#actingtogether Students in protests and in politics
As we approach the end of the decade, it is sometimes nice to look back over the last 10 years and think about what has changed.
For me, I have started and finished secondary school and became an undergraduate at university in this decade. I also legally became an adult. This has meant that I am able to vote, a way to use my voice to help invoke change, either small or big, by my actions and my choices.
This decade has been one of change, and one of those changes has been young people finding their voice, either by exercising their right to vote, or by joining in the various strikes that have taken place.
One thing the upcoming General Election and the climate strikes that have been happening have in common is that they have the power to make change. That change could start with you.
Many people argue that they aren’t going to do something because it won’t make a difference. When it comes to voting and climate strikes, you only need to look at the statistics of the rise in numbers of voters and the number of people participating in the climate strikes to know you are not alone. You are one of many people expressing that they want to see some change.

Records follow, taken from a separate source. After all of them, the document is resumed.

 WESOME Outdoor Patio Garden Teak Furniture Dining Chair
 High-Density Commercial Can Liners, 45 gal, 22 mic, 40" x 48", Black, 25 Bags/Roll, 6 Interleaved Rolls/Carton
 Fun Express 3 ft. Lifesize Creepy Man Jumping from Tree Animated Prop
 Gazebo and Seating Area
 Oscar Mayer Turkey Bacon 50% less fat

There aren’t any voting statistics about students alone, so I will have to generalise and assume the average age of a student is under 34 years old. According to iNews, nearly 1.3 million people under the age of 34 registered to vote in the past four months. That’s a 50 per cent increase in registrations compared to the same period before the 2017 general election was announced. The total registrations among under 35s is 1,357,436 for 2019, compared to 755,785 in 2017. This represents an 80% increase.

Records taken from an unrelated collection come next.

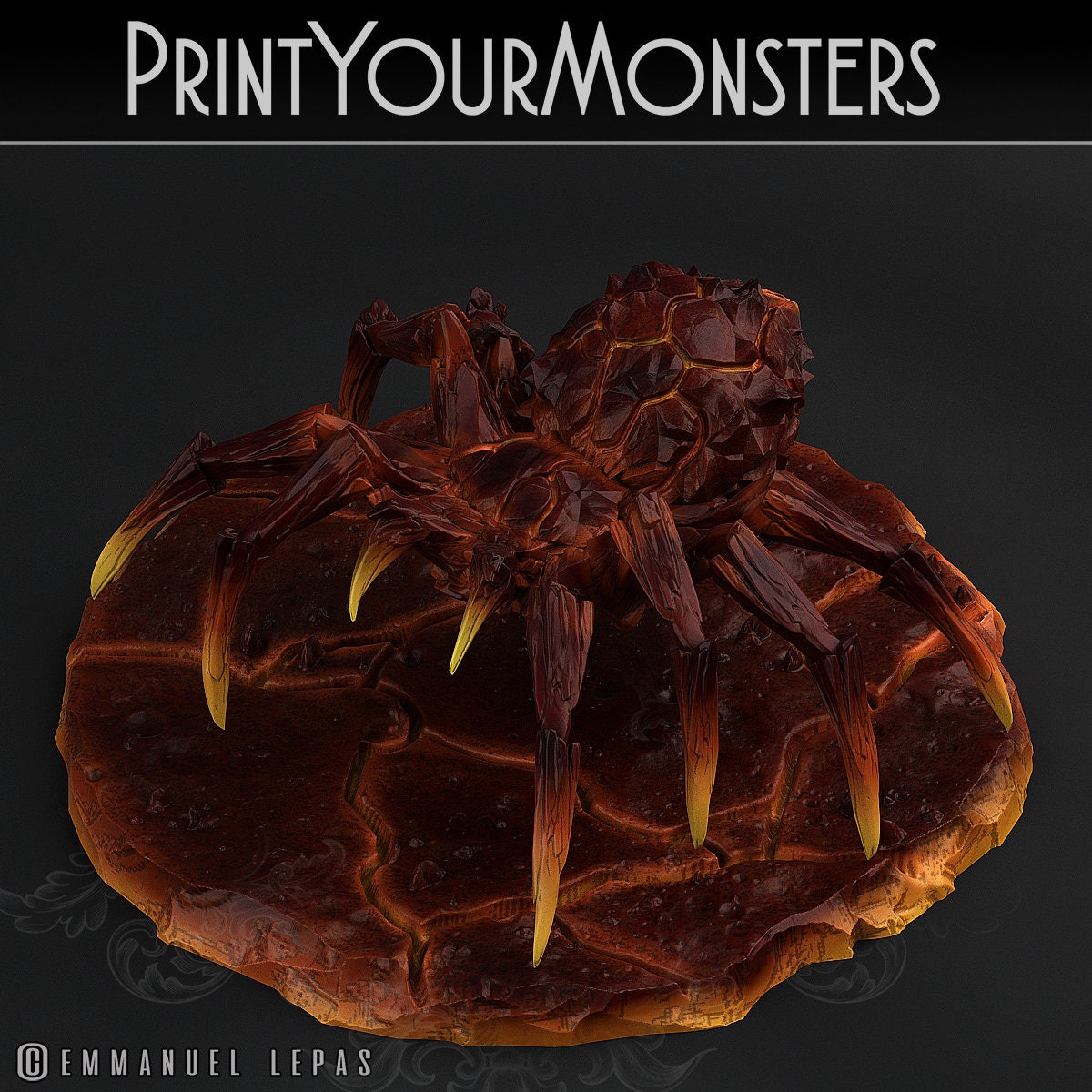 Magmaranea - Print Your Monsters 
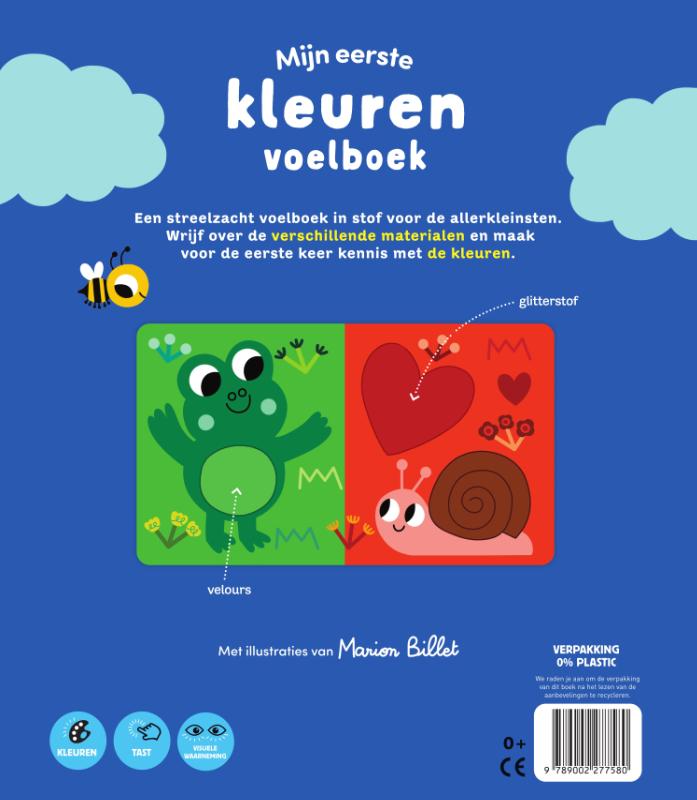 Achterkant van Mijn eerste kleuren voelboek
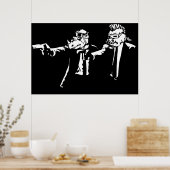 Poster Bebop Rockstable Thug life Pfiction mashup (Cuisine)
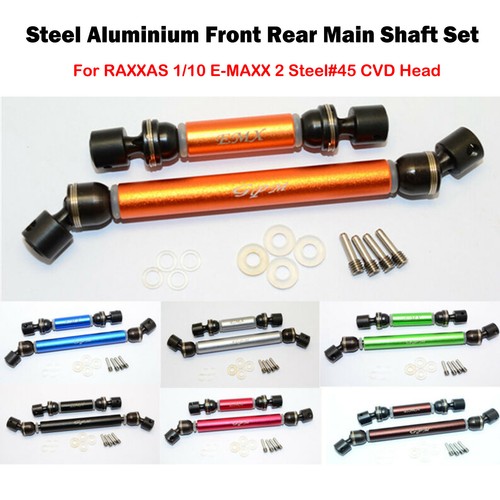 For TRAXXAS E-MAXX 2 EMX2037S T-MAXX Aluminium Front & Back Main CVD Shaft Drive - 第 1/19 張圖片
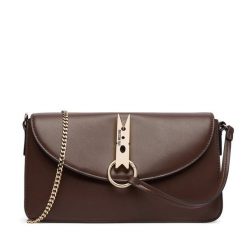 Torebka LOVE MOSCHINO. Brązowe listonoszki Love Moschino, bez wzorów, bez dodatków. Za 859.99 zł.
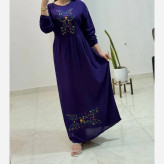 پیراهن نخی فری سایز زنانه مدل آرشیدا کد 1329 تنخور شیک و راحت چهارفصل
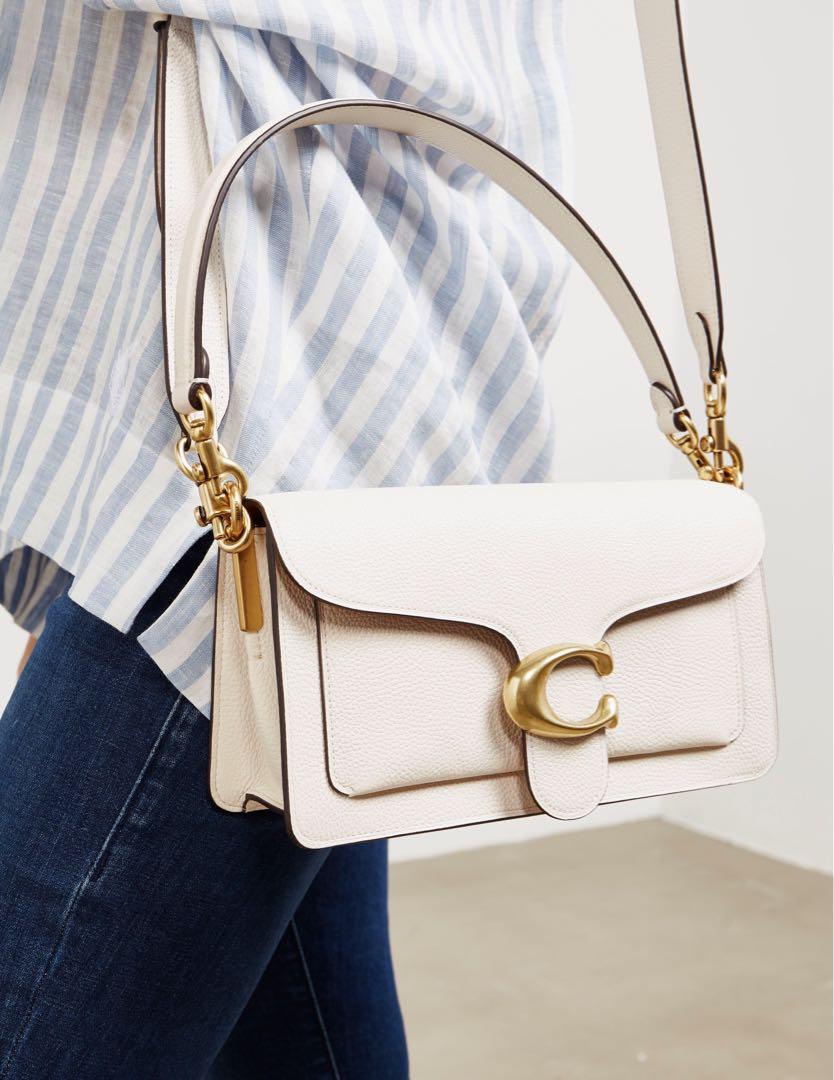 Coach shop white tabby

Back in September, there was what was said to be the biggest-ever environmental strike that the UK has ever seen. The strike saw 300,000 to 350,000 taking part across more than 200 different locations across the UK. This strike wasn’t just national, it was international. Millions of people across the globe were protesting to send a clear message – that we need urgent climate action.
These figures are staggering. They prove that, as a generation, we are starting to care more about using our voice in elections and exercising our right to protest. They prove that if you care about something, you should stand up and say something because you could start a revolution.
The statistics below prove that our turnout is on the rise, so hopefully with registrations going up, we will be able to keep turnout that way.
To read more about the statistics surrounding the rise of young people registering for the General Election have a read of this article by Chris Allnutt.
You’ll probably already have heard the name Greta Thunberg if you know anything about the climate strikes. She is proof that one voice can make a change. One day last summer, she skipped school, sat down outside the Swedish parliament – and inadvertently kicked off a global movement. Whilst not every single issue that is protested gets this kind of attention, this issue is affecting our planet. It is never too late to jump on the bandwagon, especially if you want to see change.
So, what can you do about all this? Firstly, you need to actually go out and vote. There is a general election in the UK on Thursday and if you want to see change you need to go out and vote for it. If you are not already registered, go and register now. You won’t be able to vote this time, but you can be ready for the next time there is a vote. Another thing you can do is write to your local MP about the issues you care about. Do some research and see if they have a history of voting one way or another on your issue.
In order to reduce your carbon footprint, there are lots of options. It depends on how much change you want to make. To start small, have a look at the five R’s below. This is the order of which you need to think about consumption and how you can reduce your carbon footprint.
There are lots of other ways you can help reduce your footprint. Think about the transport that you use, try and walk or bike more and use your car less. Another thing is to think about your water consumption. Take a shorter shower and don’t leave the tap running when brushing your teeth. There are lots of other things you can do, so have a read of one of my previous blogposts here to see if there is a change that you would like to make.
Making change isn’t an easy thing to do. It sometimes requires people to push their comfort zone and change their routine to be different to what they are used to. If you choose to make a change, then every little does help. If everyone was to have a shorter shower and bring their own bags to shop with, think of how much of a difference that could make.
You don’t need to change everything about your life, just make one small change and it might just change the world.